- WORK ORDER
Find the "Shimmer Highlighter Powder,Contour" line in the records below and repeat it and every later line exactly, up to the last; do not include pictures.

Image-caption web data:
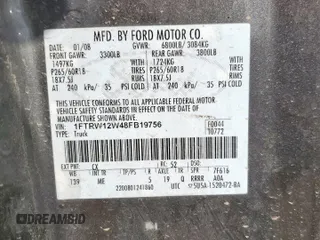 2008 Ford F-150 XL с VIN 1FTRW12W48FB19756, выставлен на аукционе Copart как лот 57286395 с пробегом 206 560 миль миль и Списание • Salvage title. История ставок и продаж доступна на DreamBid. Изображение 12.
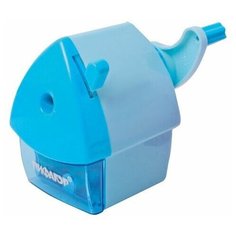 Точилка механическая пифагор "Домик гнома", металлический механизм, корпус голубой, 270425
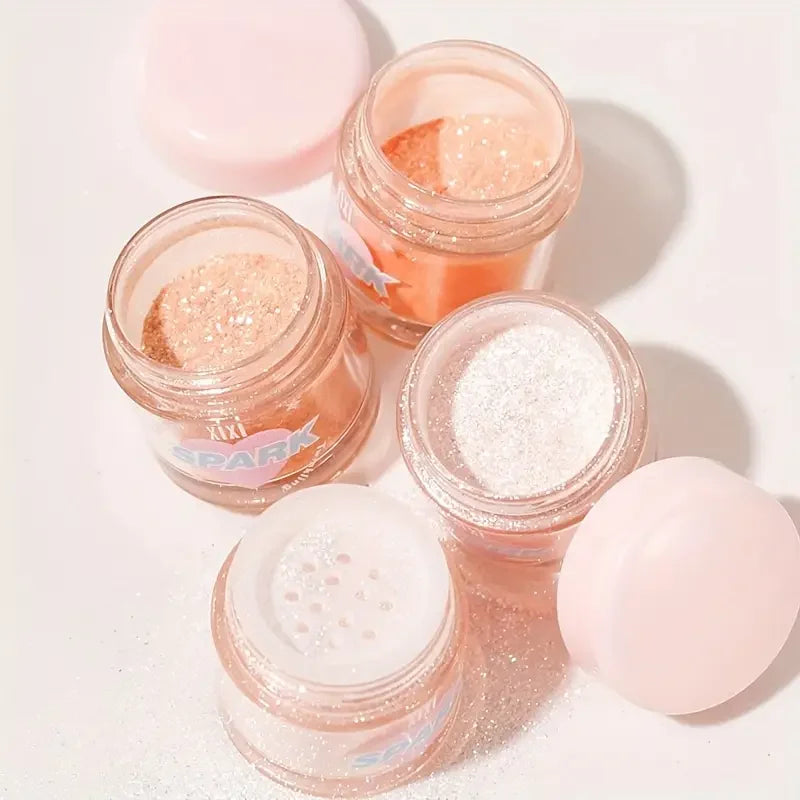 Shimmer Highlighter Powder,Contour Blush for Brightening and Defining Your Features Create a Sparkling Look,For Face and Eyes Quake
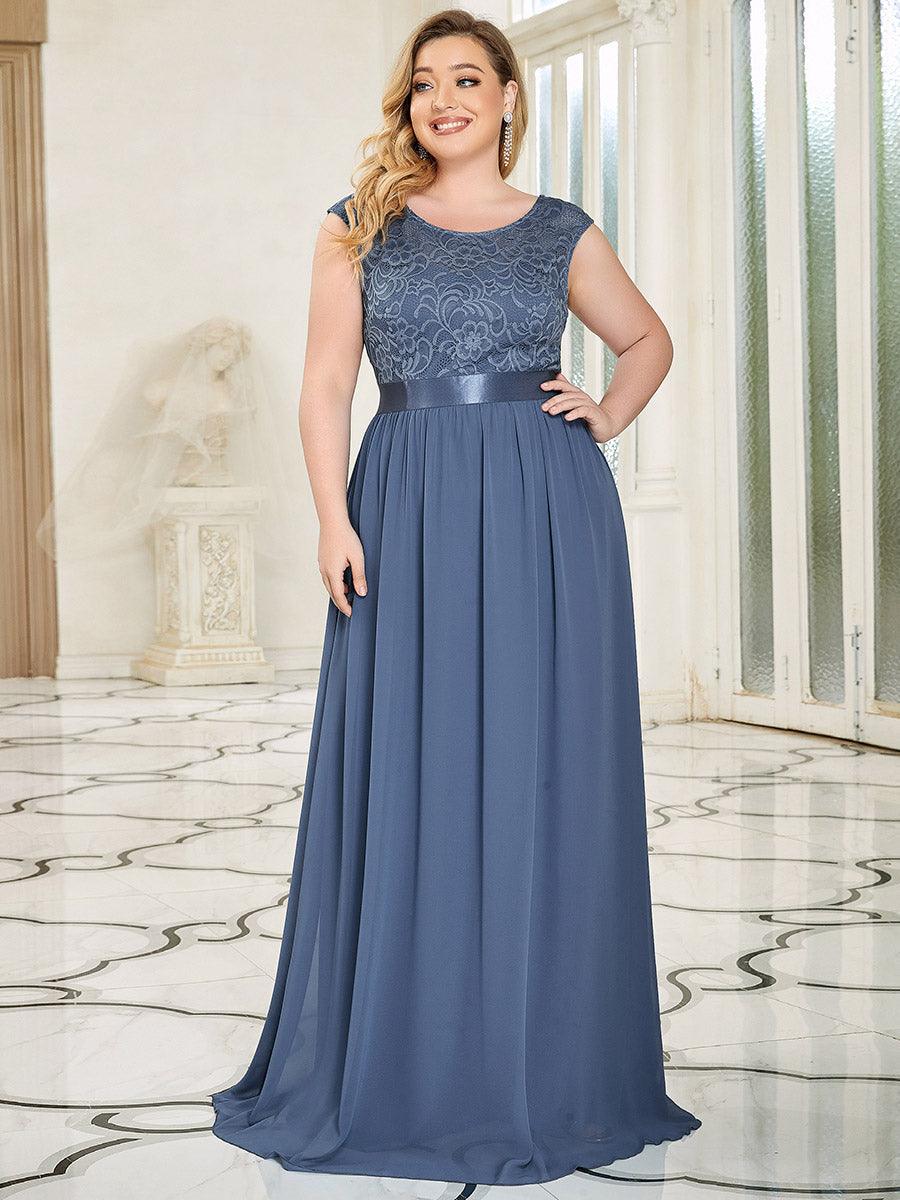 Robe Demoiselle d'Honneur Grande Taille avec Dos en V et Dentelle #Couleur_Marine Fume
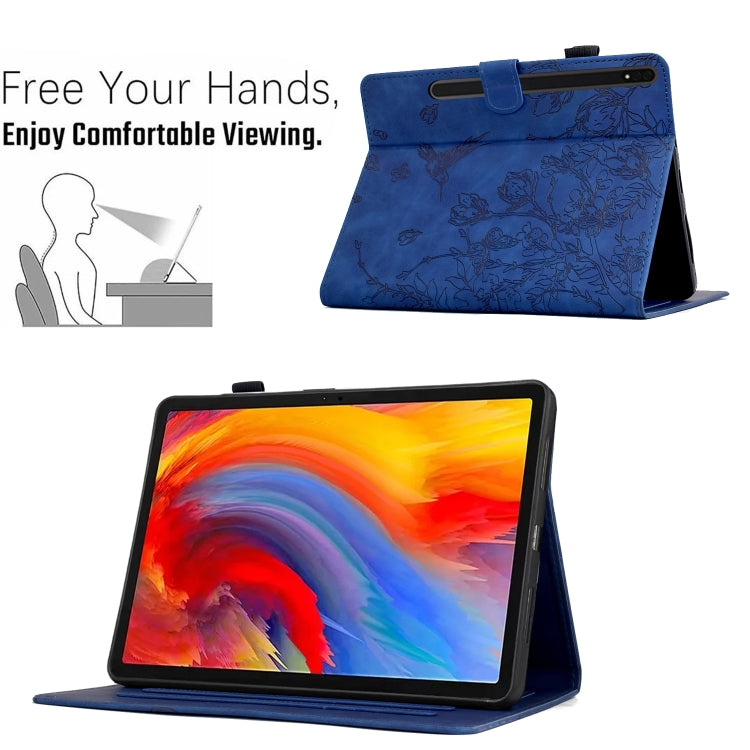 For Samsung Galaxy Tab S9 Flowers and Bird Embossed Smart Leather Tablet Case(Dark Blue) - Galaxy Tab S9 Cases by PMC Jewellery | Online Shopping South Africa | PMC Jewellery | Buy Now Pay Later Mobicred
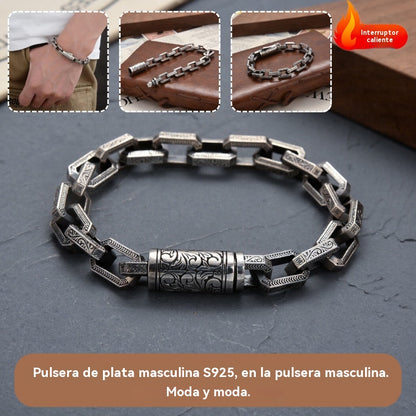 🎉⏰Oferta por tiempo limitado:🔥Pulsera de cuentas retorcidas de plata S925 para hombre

- RESULT
 Shimmer Highlighter Powder,Contour Blush for Brightening and Defining Your Features Create a Sparkling Look,For Face and Eyes Quake
 Robe Demoiselle d'Honneur Grande Taille avec Dos en V et Dentelle #Couleur_Marine Fume
 For Samsung Galaxy Tab S9 Flowers and Bird Embossed Smart Leather Tablet Case(Dark Blue) - Galaxy Tab S9 Cases by PMC Jewellery | Online Shopping South Africa | PMC Jewellery | Buy Now Pay Later Mobicred
 🎉⏰Oferta por tiempo limitado:🔥Pulsera de cuentas retorcidas de plata S925 para hombre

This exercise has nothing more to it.